Data to process |
○ ○ ○ ○ ○

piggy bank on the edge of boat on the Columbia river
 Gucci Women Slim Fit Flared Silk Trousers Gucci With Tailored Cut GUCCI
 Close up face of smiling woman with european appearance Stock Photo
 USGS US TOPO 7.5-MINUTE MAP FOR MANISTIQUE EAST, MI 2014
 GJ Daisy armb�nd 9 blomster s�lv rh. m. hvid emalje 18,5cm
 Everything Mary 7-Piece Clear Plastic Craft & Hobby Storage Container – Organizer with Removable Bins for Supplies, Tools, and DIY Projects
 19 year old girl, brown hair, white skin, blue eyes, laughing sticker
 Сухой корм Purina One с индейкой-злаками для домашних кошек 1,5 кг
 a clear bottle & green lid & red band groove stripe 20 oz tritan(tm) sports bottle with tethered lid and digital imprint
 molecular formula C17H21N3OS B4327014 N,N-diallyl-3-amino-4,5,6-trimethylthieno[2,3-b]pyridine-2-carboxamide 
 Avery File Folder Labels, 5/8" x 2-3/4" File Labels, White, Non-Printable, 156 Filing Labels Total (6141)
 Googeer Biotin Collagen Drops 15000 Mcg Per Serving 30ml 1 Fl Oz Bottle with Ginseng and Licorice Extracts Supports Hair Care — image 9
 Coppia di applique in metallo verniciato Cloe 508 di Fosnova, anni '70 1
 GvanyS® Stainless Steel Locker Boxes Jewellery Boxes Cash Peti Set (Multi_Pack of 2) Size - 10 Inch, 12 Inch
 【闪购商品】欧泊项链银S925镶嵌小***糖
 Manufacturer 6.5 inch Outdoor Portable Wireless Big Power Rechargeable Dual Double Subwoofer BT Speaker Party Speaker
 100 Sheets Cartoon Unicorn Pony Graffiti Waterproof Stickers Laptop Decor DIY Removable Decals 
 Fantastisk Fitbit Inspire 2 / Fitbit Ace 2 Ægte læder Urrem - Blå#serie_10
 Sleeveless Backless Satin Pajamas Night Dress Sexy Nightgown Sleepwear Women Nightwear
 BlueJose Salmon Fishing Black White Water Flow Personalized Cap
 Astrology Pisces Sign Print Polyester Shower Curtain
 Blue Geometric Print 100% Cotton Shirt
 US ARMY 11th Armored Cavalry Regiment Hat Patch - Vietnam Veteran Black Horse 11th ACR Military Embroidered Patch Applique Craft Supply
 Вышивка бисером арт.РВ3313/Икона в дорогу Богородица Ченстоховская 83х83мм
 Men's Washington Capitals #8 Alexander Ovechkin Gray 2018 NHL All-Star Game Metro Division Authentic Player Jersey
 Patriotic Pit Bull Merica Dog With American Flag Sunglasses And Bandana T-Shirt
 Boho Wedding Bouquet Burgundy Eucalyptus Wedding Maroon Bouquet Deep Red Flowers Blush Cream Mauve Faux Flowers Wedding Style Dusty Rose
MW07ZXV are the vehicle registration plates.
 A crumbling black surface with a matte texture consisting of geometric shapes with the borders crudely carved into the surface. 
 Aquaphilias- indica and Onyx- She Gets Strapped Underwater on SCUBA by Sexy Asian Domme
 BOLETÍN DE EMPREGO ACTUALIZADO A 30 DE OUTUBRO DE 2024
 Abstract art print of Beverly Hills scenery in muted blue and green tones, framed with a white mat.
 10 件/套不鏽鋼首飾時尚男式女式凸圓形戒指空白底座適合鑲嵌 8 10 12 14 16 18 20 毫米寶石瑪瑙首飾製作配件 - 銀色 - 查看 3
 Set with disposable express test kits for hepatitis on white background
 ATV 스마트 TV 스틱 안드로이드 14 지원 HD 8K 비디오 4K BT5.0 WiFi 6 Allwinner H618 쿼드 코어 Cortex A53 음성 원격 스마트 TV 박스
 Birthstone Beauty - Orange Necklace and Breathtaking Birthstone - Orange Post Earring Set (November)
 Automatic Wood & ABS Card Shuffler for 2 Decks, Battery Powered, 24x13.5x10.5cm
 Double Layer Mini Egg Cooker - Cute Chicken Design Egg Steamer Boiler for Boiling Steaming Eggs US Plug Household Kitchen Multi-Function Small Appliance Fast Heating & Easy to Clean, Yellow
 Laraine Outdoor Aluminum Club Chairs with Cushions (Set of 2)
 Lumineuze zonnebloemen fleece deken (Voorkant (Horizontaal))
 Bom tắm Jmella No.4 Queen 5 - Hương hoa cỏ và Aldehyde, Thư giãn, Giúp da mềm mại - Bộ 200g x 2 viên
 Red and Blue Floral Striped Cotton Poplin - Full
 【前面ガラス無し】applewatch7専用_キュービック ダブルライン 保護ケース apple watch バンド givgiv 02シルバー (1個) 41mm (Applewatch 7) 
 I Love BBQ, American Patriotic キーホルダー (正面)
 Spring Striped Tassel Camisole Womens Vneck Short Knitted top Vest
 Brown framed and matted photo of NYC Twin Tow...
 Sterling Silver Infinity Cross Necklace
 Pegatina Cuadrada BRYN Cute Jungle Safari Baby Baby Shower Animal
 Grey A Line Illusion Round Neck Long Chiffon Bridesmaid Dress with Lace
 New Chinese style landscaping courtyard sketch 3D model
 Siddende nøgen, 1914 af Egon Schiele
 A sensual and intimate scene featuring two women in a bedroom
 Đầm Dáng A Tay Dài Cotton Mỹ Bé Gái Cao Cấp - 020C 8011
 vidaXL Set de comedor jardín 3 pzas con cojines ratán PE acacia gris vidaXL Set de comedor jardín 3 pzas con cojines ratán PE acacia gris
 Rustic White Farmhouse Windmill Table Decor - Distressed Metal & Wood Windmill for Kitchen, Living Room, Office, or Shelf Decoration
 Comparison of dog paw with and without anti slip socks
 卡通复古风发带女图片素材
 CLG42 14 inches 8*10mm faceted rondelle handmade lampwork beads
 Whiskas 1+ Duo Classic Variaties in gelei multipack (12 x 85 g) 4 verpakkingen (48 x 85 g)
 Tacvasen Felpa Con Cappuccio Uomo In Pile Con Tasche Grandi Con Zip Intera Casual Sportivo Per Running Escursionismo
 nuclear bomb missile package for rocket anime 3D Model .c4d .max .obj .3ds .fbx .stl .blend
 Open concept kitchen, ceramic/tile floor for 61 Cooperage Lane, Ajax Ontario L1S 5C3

○ ○ ○ ○ ○

What the task asks | "Double" is the string to look for; please copy every line of the records above where it appears.

Answer to this problem |
 Manufacturer 6.5 inch Outdoor Portable Wireless Big Power Rechargeable Dual Double Subwoofer BT Speaker Party Speaker
 Double Layer Mini Egg Cooker - Cute Chicken Design Egg Steamer Boiler for Boiling Steaming Eggs US Plug Household Kitchen Multi-Function Small Appliance Fast Heating & Easy to Clean, Yellow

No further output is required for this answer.